(658e) Koptic: A Novel Approach for in silico Prediction of Enzyme Kinetics and Regulation

KOPTIC: A novel approach for in silico
prediction of enzyme kinetics and regulation

Wheaton
Schroeder and Rajib Saha

The
University of Nebraska – Lincoln, Lincoln, NE

Computational
modeling of metabolism is now an indispensable tool to drive the processes of
understanding and redesigning of biological systems. These tools enable the
design of engineering interventions directed to the overproduction of a
specific bioproduct or improvement of plant performance, particularly in the
presence of feedback regulation. Although Flux Balance Analysis (FBA) is the
primary tool used for this purpose, it has significant limitations due to the
lack of reaction kinetics, chemical species concentration, and metabolic
regulation. In contrast, kinetic models of metabolism (kMMs) provide not only a more
accurate method for designing novel biological systems but also for the characterization
of reaction kinetics, metabolite concentration, and metabolic regulation in
these systems; however, the multi-omics data required for their construction is
prohibitive to their development and widespread use. Here, we introduce Kinetic OPTimization
using Integer Conditions (KOPTIC), which can
circumvent the omics data requirement and semi-automate kMM construction by using
reaction rates and concentration data derived from a metabolic network model to
return plausible kinetic mechanisms through an optimization-based approach.

Arabidopsis
thaliana
(hereafter Arabidopsis) was chosen to verify KOPTIC. Arabidopsis
is a model system for modern plant science due to its small genome, short
lifecycle, and ease of genetic manipulation. Its prominent role in omics and
plant science research makes it an ideal organism for the creation and
integration of emerging omics tools, including computational modeling of
metabolism. Indeed, several metabolic network models for A. thaliana
already exist, and many regulatory interactions are well studied and
documented.

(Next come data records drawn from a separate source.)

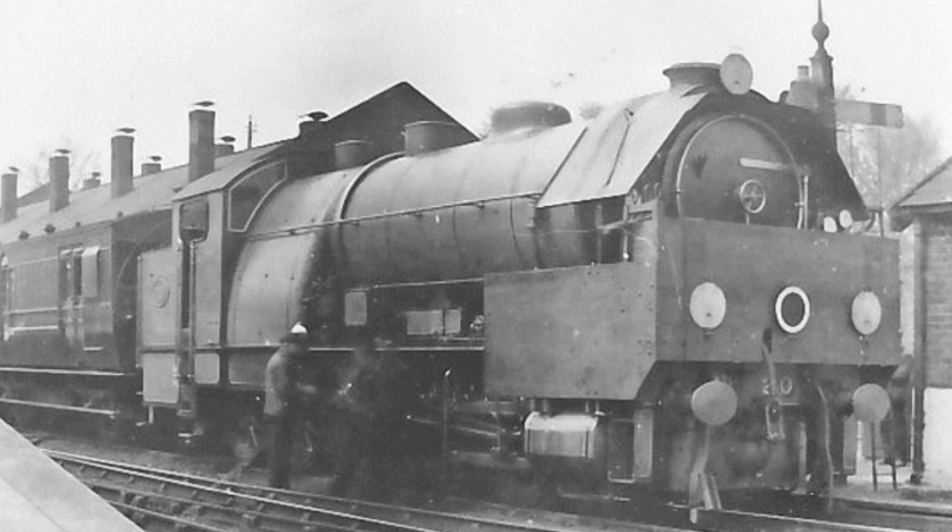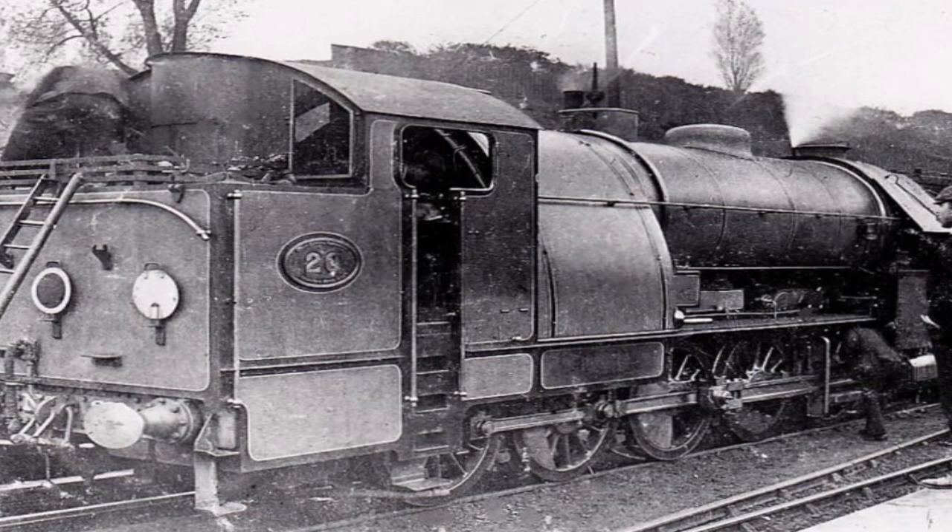The specification required that the locomotive should accelerate a 315-tonne train from a standstill to 30 miles per hour in 30 seconds. It was stated that Holden's engine actually accelerated a train of 18 carriages, weighing 335 tonnes, at a rate of 1.4 feet per second in very windy weather. Axle load at 17 tonnes was not excessive, but weight per foot run of wheelbase was very high, and using a class of these engines would have necessitated considerable bridge strengthening along the lines on which it would be run.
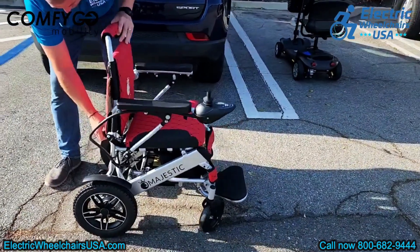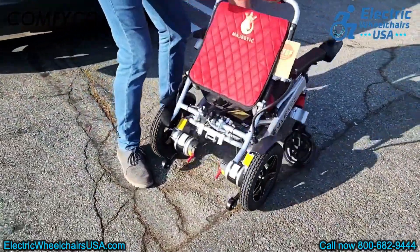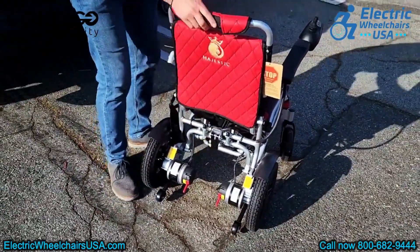You can reduce the speed when moving through crowds or in tight spaces like stores. Folding this power wheelchair is incredibly simple — just lift the black latch at the back, and the chair folds up in about 2 seconds. It also unfolds just as quickly.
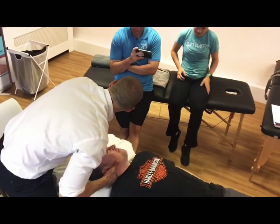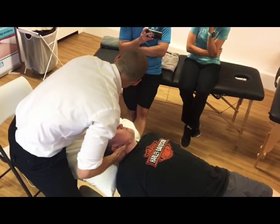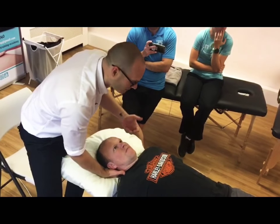Ok, so we find the lock. Can you see now my hip is moving? The power is from the hip, it's not from the arms. The mistake people make is to use their arms to break — it's actually all from the hip.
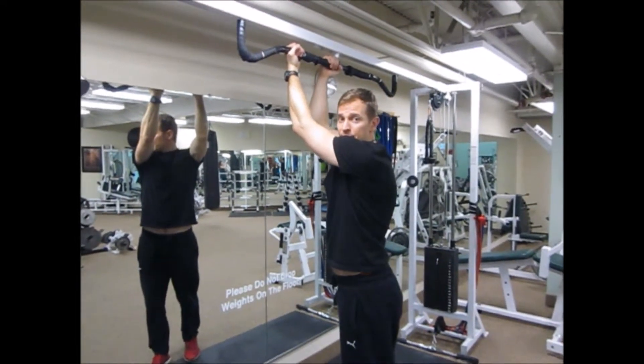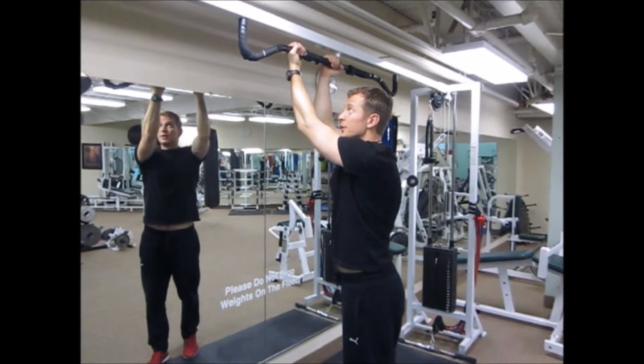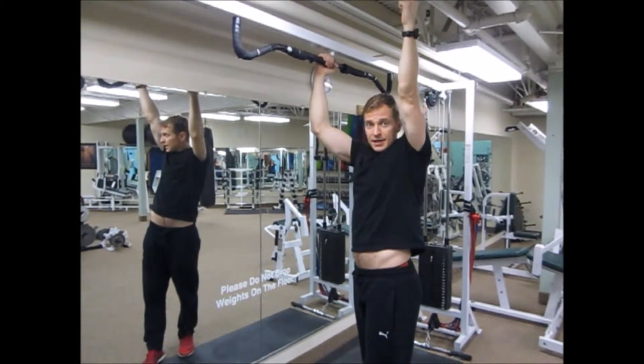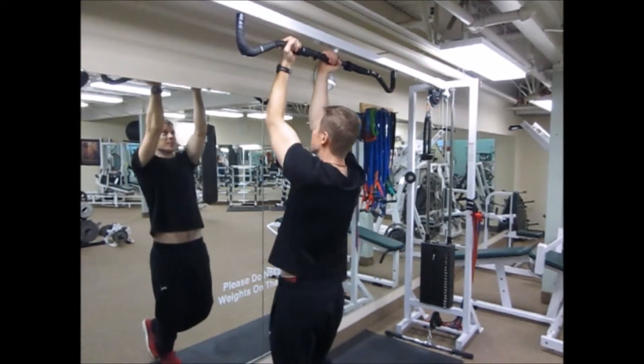Alright, so the next one I'll do a few pull-ups in a row. I'm going to come down at the bottom of the pull-up without touching my feet down, but I'm not going to come to a complete dead hang where I let all the weight go to my joints — my shoulders and my elbows. And I'll just do a few of these.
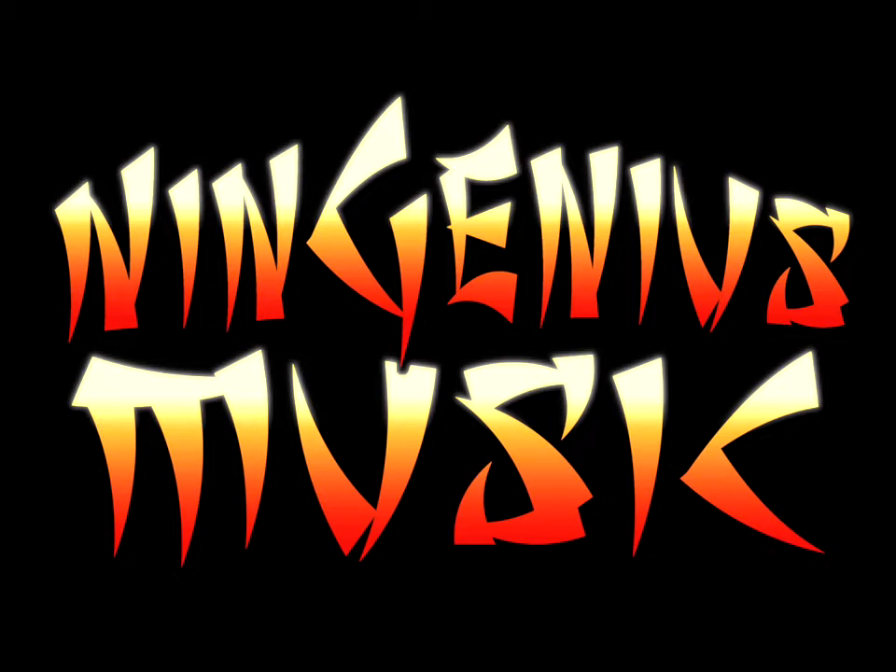Welcome to NinGenius Music. My name is Anthony Winters, and I'm Curtis Winters. We are here to introduce to you a new iPad app called NinGenius Music.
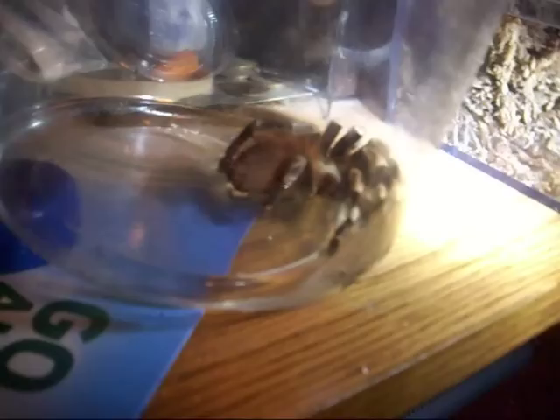It's definitely keeping its butt out of the water and it's been drinking, so I'll do an update in a few days and it should be fine. I'm gonna redo its enclosure with probably a 60/40 mix — 60% vermiculite, 40% dirt — and keep it as moist as I can.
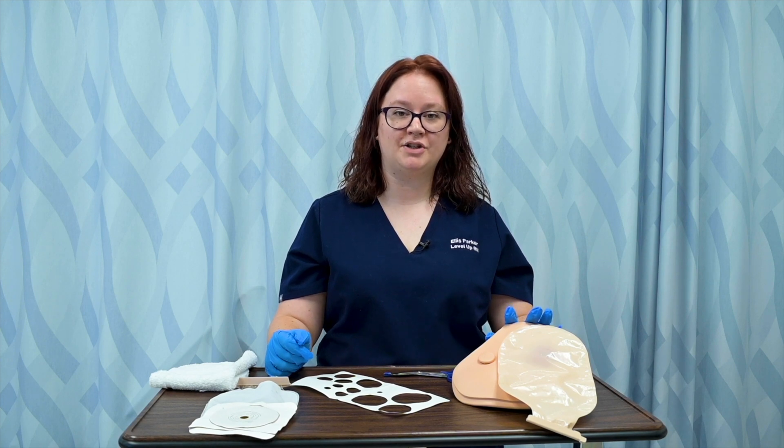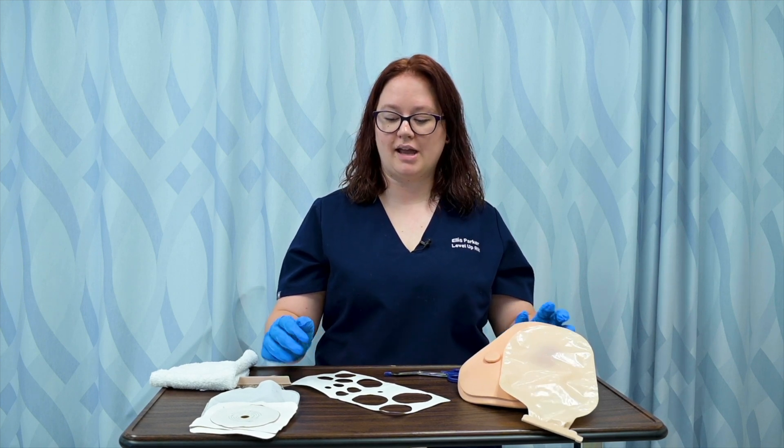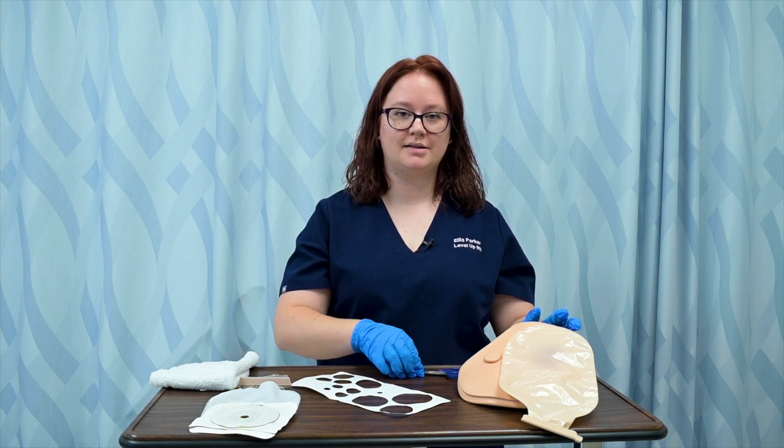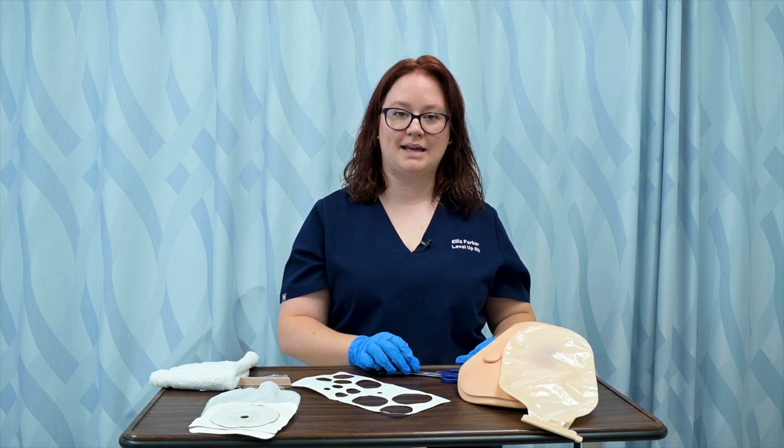In preparation for changing my patient's ostomy bag, I've gone ahead and gotten a new ostomy set, a washcloth, a measuring guide, some scissors, a marker, and some skin prep.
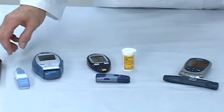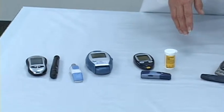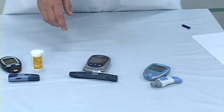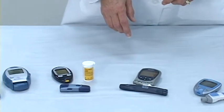All the lancet devices are adjustable so that you can change the depth of your poking device. So if your blood droplet is too large, you can go to a smaller depth, and if your blood sugar droplet is too small, you can go to a deeper depth.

To verify KOPTIC, a four-tissue (leaf, root, seed, and stem) metabolic
network model, consisting of the major primary carbon metabolism pathways (1015
reactions, 901 metabolites, 508 genes), was reconstructed for Arabidopsis. FBA
was performed at 71 time-points in the of Arabidopsis
lifecycle to simulate 50 days of growth and 20 days of plant senescence and
death. KOPTIC was applied to the FBA data and predicted 3577 regulatory
interactions involving metabolic, allosteric, and transcriptional regulatory
mechanisms (with more than 30 verified by existing literature) and with a
median fit error of 13.44%. This research showcases how an optimization-based
approach can be used to create meaningful hypotheses of reaction kinetics, as
well as discover new biosynthetic pathways, regulations, and genes.
Additionally, KOPTIC serves as a novel tool to increase mechanistic
understanding of plant-scale regulatory mechanisms and answer biologically
relevant questions related to plant-scale metabolism, kinetics, and regulation.